On Episode 72 of The Edge of Innovation, we’re talking with entrepreneur Simon Wainwright, president of Freebird Semiconductor, about Gallium Nitride technology and the future of the space industry.

Show Notes

Freebird Semiconductor’s Website
Contact Freebird Semiconductor
Find Simon Wainwright on LinkedIn
What is GaN?
What is Moore’s Law?
How2 Cut The Power Cord: Wireless Power Is Ready For Prime Time
SPWG — Space Parts Working Group Conference 2018
Freebird Semiconductor to attend and present at 2018 Space Parts Working Group
The Aerospace Corporation
Link to SaviorLabs Assessment

Sections

What is Gallium Nitride?
How To Build Gallium Nitride
Computing Technology
The Future of Gallium Nitride Technology
The Space World Today
The Beginning of Freebird Semiconductors
How To Convince the Space Industry to Adopt New Technologies
How to Do Accelerated Life Testing

Gallium Nitride Semiconductors: The Future of the Space Industry

What is Gallium Nitride?

Paul: So now it’s gallium nitride.

Simon: That’s correct.

Paul: From my science in school, I’ve seen gallium, and nitride is…what is nitride?

Simon: It’s nitrogen. Basically, it’s gallium and nitrogen.

Paul: So you put them together.

Simon: Yeah. Put them together. One of each.

How To Build Gallium Nitride

Paul: So what do you do? Go to the store and buy a bucket of gallium? Or what is it? Is it a metal?
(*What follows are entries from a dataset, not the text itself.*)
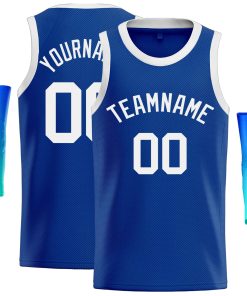 Custom Royal White Classic Tops Casual Basketball Jersey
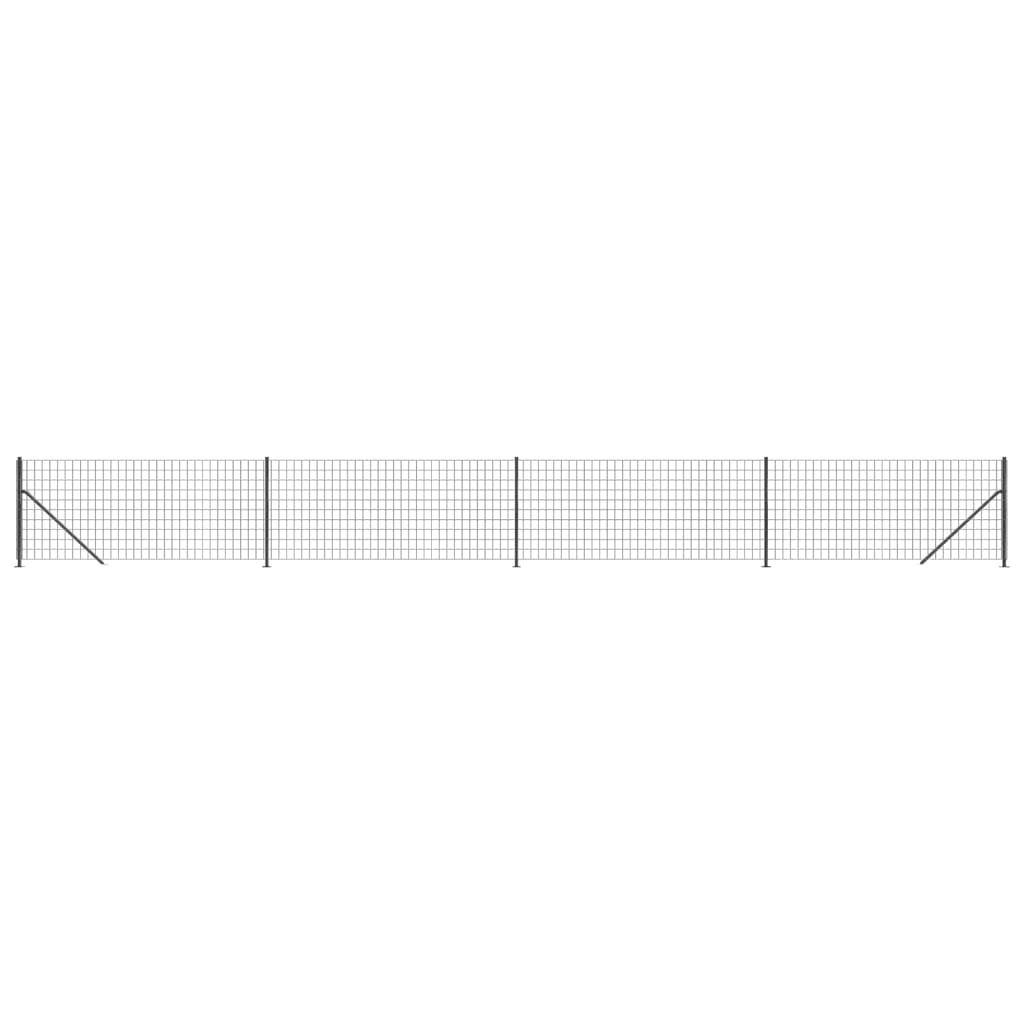 Maschendrahtzaun mit Bodenflansch Anthrazit 1,1x10 m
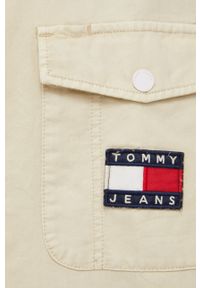 Tommy Jeans koszula bawełniana DOBBY męska kolor beżowy relaxed z kołnierzykiem klasycznym. Typ kołnierza: kołnierzyk klasyczny. Kolor: beżowy. Materiał: bawełna. Styl: klasyczny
Simon: Well, no. They exhibit semiconductor properties when you join them together. So essentially you would still use a silicon handle wafer, which is basically just the base. Consider you’re building a house, let’s say. So you would use silicon wafer as the foundation, which basically does nothing, but it makes everything strong. So it has no functional role as you build onto that. And you gradually grow it. So you have a reactor, and you grow by atomic layer by atomic layer, and you grow the structure.

Paul: You do this with tweezers?

Simon: We do this at very high temperatures. So we basically grow it and we insert different gases into this chamber, and they react, and their natural state is to form gallium nitride. We put in dopants of different kinds to make, to change…

Paul: So you’ve figured out the process.

Simon: No. But we’ve figured out how to modify the process. So the process was figured out by EPC. So we’ve figured out how to modify that process.

Paul: People have all seen the sort of semiconductor circles with all the chips not cut out. So you take a wafer like that, and you’re collecting this by using gas. Is it diffusion?

Simon: Well, you basically grow different layers. So, if you can imagine, you’re building your house onto your silicon foundation.

Paul: Atomic layers.

Simon: Yeah, layer by layer.

Paul: So, one atom thick of gallium or nitride or is it together?

Simon: You start introducing different concentrations. And you gradually go from a pure silicon wafer to like a pure gallium nitride layer. So you gradually introduce it. There’s obviously a transition, a buffer region. But the real gallium nitride, pure gallium nitride layer, which where all the action of the transistor, is a couple of layers of atoms thick.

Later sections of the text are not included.